### Work to be completed
When a line below contains the word "Appartement", it counts toward the total; give that total and nothing besides.

### Items from a data source

-- Opening Marker --

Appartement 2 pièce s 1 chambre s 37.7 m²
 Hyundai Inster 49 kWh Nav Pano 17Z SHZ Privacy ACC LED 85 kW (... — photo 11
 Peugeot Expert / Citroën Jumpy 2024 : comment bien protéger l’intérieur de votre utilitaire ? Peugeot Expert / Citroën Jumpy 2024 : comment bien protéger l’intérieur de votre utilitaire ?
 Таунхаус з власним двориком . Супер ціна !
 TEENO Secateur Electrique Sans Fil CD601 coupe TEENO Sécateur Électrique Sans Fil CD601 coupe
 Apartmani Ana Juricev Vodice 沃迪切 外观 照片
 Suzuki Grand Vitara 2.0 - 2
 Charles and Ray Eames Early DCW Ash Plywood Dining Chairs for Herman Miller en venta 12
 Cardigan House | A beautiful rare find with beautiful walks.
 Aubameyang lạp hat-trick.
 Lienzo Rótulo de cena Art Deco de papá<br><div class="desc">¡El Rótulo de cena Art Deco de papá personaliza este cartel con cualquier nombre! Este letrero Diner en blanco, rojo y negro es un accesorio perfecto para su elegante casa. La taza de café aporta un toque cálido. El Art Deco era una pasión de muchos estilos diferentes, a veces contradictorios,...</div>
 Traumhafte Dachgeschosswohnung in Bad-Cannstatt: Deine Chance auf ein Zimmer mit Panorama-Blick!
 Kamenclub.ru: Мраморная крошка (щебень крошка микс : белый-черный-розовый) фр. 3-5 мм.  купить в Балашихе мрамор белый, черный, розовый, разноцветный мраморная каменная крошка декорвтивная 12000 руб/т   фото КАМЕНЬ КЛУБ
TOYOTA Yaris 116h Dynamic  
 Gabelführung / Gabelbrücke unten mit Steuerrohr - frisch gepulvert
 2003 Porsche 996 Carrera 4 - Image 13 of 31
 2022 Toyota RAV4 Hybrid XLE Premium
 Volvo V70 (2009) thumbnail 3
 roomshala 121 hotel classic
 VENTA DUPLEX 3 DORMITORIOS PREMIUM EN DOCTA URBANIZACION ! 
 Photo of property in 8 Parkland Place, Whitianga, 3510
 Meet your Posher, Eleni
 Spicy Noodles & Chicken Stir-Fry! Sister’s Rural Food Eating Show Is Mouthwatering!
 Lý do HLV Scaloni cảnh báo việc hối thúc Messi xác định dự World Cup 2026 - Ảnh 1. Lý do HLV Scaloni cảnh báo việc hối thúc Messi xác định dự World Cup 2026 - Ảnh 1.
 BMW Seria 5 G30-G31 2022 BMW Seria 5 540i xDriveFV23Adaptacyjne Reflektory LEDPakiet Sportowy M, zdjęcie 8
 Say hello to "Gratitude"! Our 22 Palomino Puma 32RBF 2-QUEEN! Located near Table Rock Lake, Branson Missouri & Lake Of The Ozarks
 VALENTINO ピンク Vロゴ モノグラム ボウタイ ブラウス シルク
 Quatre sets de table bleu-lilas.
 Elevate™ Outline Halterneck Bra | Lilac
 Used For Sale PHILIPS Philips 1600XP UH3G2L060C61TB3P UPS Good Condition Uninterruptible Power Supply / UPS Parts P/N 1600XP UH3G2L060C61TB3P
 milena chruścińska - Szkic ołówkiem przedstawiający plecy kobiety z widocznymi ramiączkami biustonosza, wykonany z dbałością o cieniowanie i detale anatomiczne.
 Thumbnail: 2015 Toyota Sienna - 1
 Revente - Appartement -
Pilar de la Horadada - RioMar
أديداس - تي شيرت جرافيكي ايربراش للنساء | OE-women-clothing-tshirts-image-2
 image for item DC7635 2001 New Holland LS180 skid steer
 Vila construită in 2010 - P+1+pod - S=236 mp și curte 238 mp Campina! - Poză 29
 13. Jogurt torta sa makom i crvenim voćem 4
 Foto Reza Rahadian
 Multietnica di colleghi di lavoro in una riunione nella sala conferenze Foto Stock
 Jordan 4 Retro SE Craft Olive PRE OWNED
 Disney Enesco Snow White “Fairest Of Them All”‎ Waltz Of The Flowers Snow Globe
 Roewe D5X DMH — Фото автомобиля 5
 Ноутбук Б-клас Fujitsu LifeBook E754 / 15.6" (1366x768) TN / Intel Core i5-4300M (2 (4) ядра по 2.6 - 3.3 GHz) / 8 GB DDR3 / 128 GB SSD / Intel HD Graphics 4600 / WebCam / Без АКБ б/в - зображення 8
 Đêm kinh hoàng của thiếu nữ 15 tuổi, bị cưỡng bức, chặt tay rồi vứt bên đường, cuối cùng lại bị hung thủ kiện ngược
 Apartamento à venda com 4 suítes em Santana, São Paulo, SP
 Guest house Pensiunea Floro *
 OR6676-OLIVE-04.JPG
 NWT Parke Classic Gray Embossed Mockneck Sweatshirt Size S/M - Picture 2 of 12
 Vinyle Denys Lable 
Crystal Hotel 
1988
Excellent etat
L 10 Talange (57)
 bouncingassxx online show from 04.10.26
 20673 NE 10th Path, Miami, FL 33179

-- Closing Marker --

### Expected output
2